Cast: Björk, Catherine Deneuve, Peter Stormare

Director: Lars von Trier

Screenplay: Lars von Trier

Running time: 2 hrs 21 mins

Genre: Drama/Musical



CRITIQUE:


Lars von Trier’s Dancer in the Dark is an odd beast. It is a musical, yet also an anti-musical at once. It bears a self-conscious knowledge of cinema, how the medium can blur the lines between the fantasy and reality, the limits of imagination and filmmaking itself. One of von Trier’s testament of the filmic movement Dogme 95 (which stipulates that cinematic works be shot in the rather rudimentary DV cameras, hence the home-video look), following Breaking the Waves and The Idiots, it works as both a critique and meditation of the Hollywood musicals where, in Björk’s Selma’s words, ‘nothing can go wrong’. But of course, in the projected reality of this film, if you’re a Czech immigrant in America, working in an aluminium sink factory (allusion to the kitchen-sink drama) and going blind, everything and anything can go wrong. What is more, if you have a child who suffers the same genetic disorder. This is the bleakest musical you’ll ever see in your life, with a touch of sepia tones, telling a story of a suffering woman robbed of her sight, her financial resources, which would secure her son’s surgery, and unjustly executed. There are moments of sheer genius here: musical setpieces stirred from Selma’s daydreams, where Björk’s eccentric music somehow makes sense in the context of Selma’s circumstances. The factory’s cacophony of drilling, mechanical noises somehow create a harmony of sounds.

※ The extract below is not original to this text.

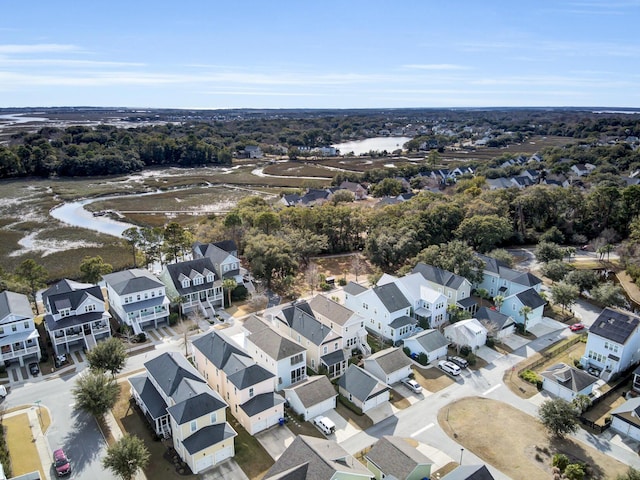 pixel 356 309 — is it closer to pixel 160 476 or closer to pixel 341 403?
pixel 341 403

Standout scenes such as the sequence on the rail tracks where Selma heartrendingly sings her soul out that her eyes have seen enough; the aftermath of the murder where Selma waltzes with her victim, forgiving her, and the devastating rendition of The Sound of Music’s My Favourite Things in a prison cell – these are pure escapist sequences, literally used in the film as an excuse for Selma’s character to flee the harsh realities of her cruel world. Björk may have been remembered as the one that wore a swan-frocked ensemble at Oscars red carpet, but her performance her should never be underestimated. It’s an emotional rollercoaster, and Björk delivers here that’s beyond words. She declared that she will never act again. Consider it one of a kind.



VERDICT:

Bleak, chronically heartbreaking and devastatingly powerful, Dancer in the Dark is a matchless work from one of cinema’s distinctive voices. Lars von Trier has captured something here that transcends limitations of genre. A box of Kleenex is prescribed.